C'eravamo solamente io e quella sfera.

Nessun portiere, nessuna barriera, nessun tifoso in apnea.

Io e il pallone.

Avevo un solo pensiero: buttare la palla in rete!

Intorno a me tutto era come cristallizzato.

Quanto adoravo quegli istanti. 

Tutto dipendeva da me, dalla mia concentrazione, dalla mia determinazione.

Avevo un potere, in quegli istanti, davvero indescrivibile.

Fissai un'ultima volta il pallone, quasi a volerne catturare la fiducia, quasi a sentirmi interamente parte di lui. Presi un ultimo respiro e tirai, forte, con tutta l'anima che avevo in corpo.

Il pallone si sollevò in volo poi, dopo un instante, una piccola frazione di secondo, deviò la sua traiettoria verso il basso, fino a depositarsi nell'angolo destro della rete, a portiere battuto.

Un urlo di gioia pura sfuggì via dalla mia gola, la testa leggera e il cuore reso pesante dalle mille emozioni contrastanti che lottavano dentro di me.

D'impulso mi voltai per cercare Andrea ma quello che vidi fu lo spicchio di tribuna che avevo fissato per tutto il tempo. 

Erano tutti in piedi, c'era molta confusione ma ebbi la netta sensazione di scovare quegli occhi, gli unici che riempivano i miei pensieri, intenti a fissarmi.

E allora mi lasciai andare, lasciai cadere ogni barriera, ogni muro e scoppiai in un pianto dirotto sollevando le braccia e puntai gli indici verso quello spicchio, dove il mio cuore aveva albergato negli ultimi ottantasette minuti.

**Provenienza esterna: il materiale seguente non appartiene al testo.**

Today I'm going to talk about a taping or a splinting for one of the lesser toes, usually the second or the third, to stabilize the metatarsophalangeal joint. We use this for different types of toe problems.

Non riuscii a portare a termine la mia dedica però, perché, in un batter d'occhio, Andrea e tutti gli altri mi furono addosso sommergendomi di parole urlate e di abbracci sconnessi che mi fecero precipitare sul prato verde in un urlo colmo di gioia.

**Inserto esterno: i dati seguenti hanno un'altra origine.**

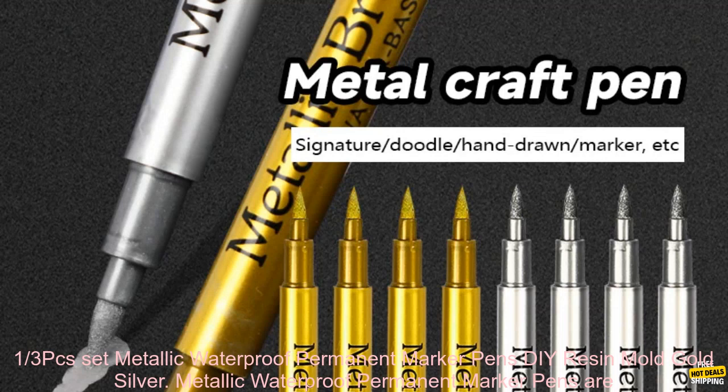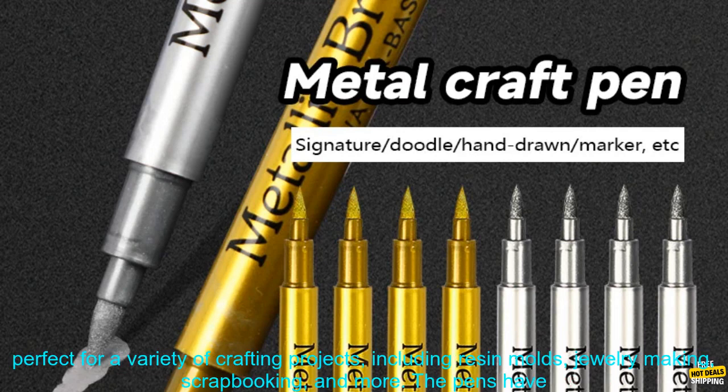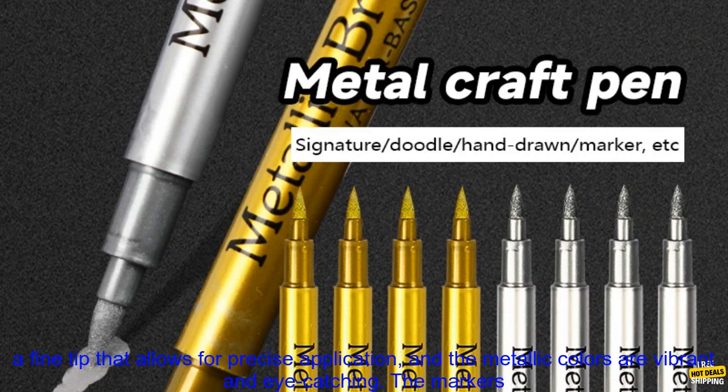Metallic Waterproof Permanent Marker Pens are perfect for a variety of crafting projects, including resin molds, jewelry making, scrapbooking, and more. The pens have a fine tip that allows for precise application, and the metallic colors are vibrant and eye-catching. The markers are also waterproof and permanent, so you can be sure that your projects will last.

Sorrisi, imprecazioni e lacrime si mescolavano tra loro. Eravamo ad un passo dal sogno ed ero circondato dalle persone che più amavo. Chiusi gli occhi e mi lasciai trasportare da quelle emozioni. Il mio cuore era un treno impazzito e sembrava non voler tornare ad un ritmo normale.

La nostra scalmanata esultanza fu presto fermata dal fischio dell'arbitro che ci richiamò all'ordine per portare regolarmente a termine quegli ultimi minuti di gioco.

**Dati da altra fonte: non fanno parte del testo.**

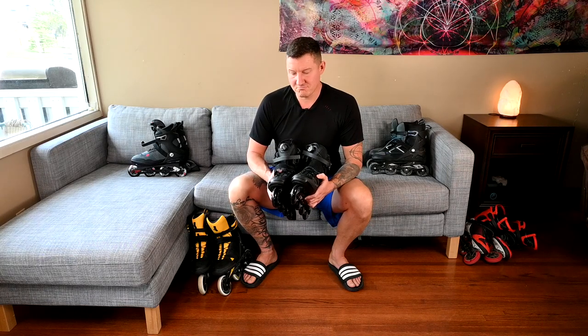Hope you found this review useful. If you're trying to choose between the plethora of 80 millimeter skates on the market, these ones are decent. Just hopefully you can find a pair that comes with 82A or harder wheels — that would be ideal. Cheers.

Quei minuti nemmeno parvero cominciare, fu solo un correre entusiasta ed in scioltezza, un portare in campo una gioia che proprio non riuscivamo a contenere.

Furono i tre minuti più folli di sempre. Oramai nessuno pensava più al pallone, nulla era più importante di quella vittoria che avevamo appena realizzato di aver conquistato.

Al triplice fischio dell'arbitro il caos invase il verde del prato. Tutti scesero in campo, dalle riserve ai massaggiatori, dall'addetto stampa ai magazzinieri. Tutti eravamo stretti in un unico abbraccio.

Qualcuno dello staff, non saprei dire se previdente o fiducioso, aveva fatto preparare delle magliette celebrative che indossammo tutti di fretta e furia per continuare quella festa tra risate, coreografie azzardate e gavettoni.

In tutto quel marasma cercai con lo sguardo Adriano, lo vidi venire verso di me con un sorriso soddisfatto ad illuminargli il volto.

-Ce l'abbiamo fatta!-  disse.

Io annuii ed accolsi l'abbraccio che lui mi stava offrendo.

-Ce l'abbiamo fatta davvero!-  confermai al suo orecchio.